Revision as of 04:10, 16 December 2019

Problem

Rhombus $PQRS^{}_{}$ is inscribed in rectangle $ABCD^{}_{}$ so that vertices $P^{}_{}$, $Q^{}_{}$, $R^{}_{}$, and $S^{}_{}$ are interior points on sides $\overline{AB}$, $\overline{BC}$, $\overline{CD}$, and $\overline{DA}$, respectively. It is given that $PB^{}_{}=15$, $BQ^{}_{}=20$, $PR^{}_{}=30$, and $QS^{}_{}=40$. Let $m/n^{}_{}$, in lowest terms, denote the perimeter of $ABCD^{}_{}$. Find $m+n^{}_{}$.

Solution

[asy]defaultpen(fontsize(10)+linewidth(0.65)); pair A=(0,28.8), B=(38.4,28.8), C=(38.4,0), D=(0,0), O, P=(23.4,28.8), Q=(38.4,8.8), R=(15,0), S=(0,20); O=intersectionpoint(A--C,B--D); draw(A--B--C--D--cycle);draw(P--R..Q--S); draw(P--Q--R--S--cycle); label("\(A\)",A,NW);label("\(B\)",B,NE);label("\(C\)",C,SE);label("\(D\)",D,SW); label("\(P\)",P,N);label("\(Q\)",Q,E);label("\(R\)",R,SW);label("\(S\)",S,W); label("\(15\)",B/2+P/2,N);label("\(20\)",B/2+Q/2,E);label("\(O\)",O,SW); [/asy]

Solution 1

Let $O$ be the center of the rhombus. Via parallel sides and alternate interior angles, we see that the opposite triangles are congruent ($\triangle BPQ \cong \triangle DRS$, $\triangle APS \cong \triangle CRQ$). Quickly we realize that $O$ is also the center of the rectangle.

By the Pythagorean Theorem, we can solve for a side of the rhombus; $PQ = \sqrt{15^2 + 20^2} = 25$. Since the diagonals of a rhombus are perpendicular bisectors, we have that $OP = 15, OQ = 20$. Also, $\angle POQ = 90^{\circ}$, so quadrilateral $BPOQ$ is cyclic.

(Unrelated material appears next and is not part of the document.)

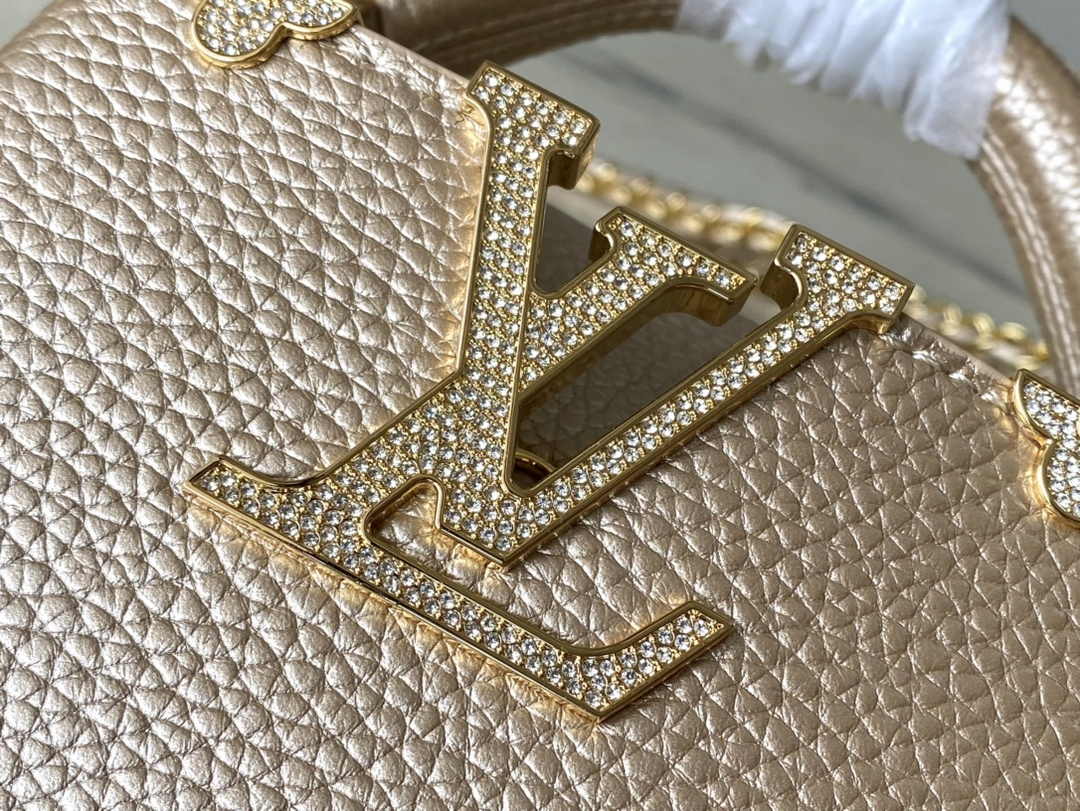 Louis Vuitton Capucines Nano M24583 Gold Taurillon leather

By Ptolemy's Theorem, $25 \cdot OB = 20 \cdot 15 + 15 \cdot 20 = 600$.

By similar logic, we have $APOS$ is a cyclic quadrilateral. Let $AP = x$, $AS = y$. The Pythagorean Theorem gives us $x^2 + y^2 = 625\quad \mathrm{(1)}$. Ptolemy’s Theorem gives us $25 \cdot OA = 20x + 15y$. Since the diagonals of a rectangle are equal, $OA = \frac{1}{2}d = OB$, and $20x + 15y = 600\quad \mathrm{(2)}$. Solving for $y$, we get $y = 40 - \frac 43x$. Substituting into $\mathrm{(1)}$,

\begin{eqnarray*}x^2 + \left(40-\frac 43x\right)^2 &=& 625\\ 5x^2 - 192x + 1755 &=& 0\\ x = \frac{192 \pm \sqrt{192^2 - 4 \cdot 5 \cdot 1755}}{10} &=& 15, \frac{117}{5}\end{eqnarray*}

We reject $15$ because then everything degenerates into squares, but the condition that $PR \neq QS$ gives us a contradiction. Thus $x = \frac{117}{5}$, and backwards solving gives $y = \frac{44}5$. The perimeter of $ABCD$ is $2\left(20 + 15 + \frac{117}{5} + \frac{44}5\right) = \frac{672}{5}$, and $m + n = \boxed{677}$.

Solution 2

From above, we have $OB = 24$ and $BD = 48$. Returning to $BPQO,$ note that $\angle PQO\cong \angle PBO \cong ABD.$ Hence, $\triangle ABD \sim \triangle OQP$ by $AA$ similarity. From here, it's clear that \[\frac {AD}{BD} = \frac {OP}{PQ}\implies \frac {AD}{48} = \frac {15}{25}\implies AD = \frac {144}{5}.\] Similarly, \[\frac {AB}{BD} = \frac {IQ}{PQ}\implies \frac {AB}{48} = \frac {20}{25}\implies AB = \frac {192}{5}.\] Therefore, the perimeter of rectangle $ABCD$ is $2(AB + AD) = 2\left(\frac {192}{5} + \frac {144}{5}\right) = \frac {672}{5}.$

Solution 3

The triangles $QOB,OBC$ are isosceles, and similar (because they have $\angle QOB = \angle OBC$).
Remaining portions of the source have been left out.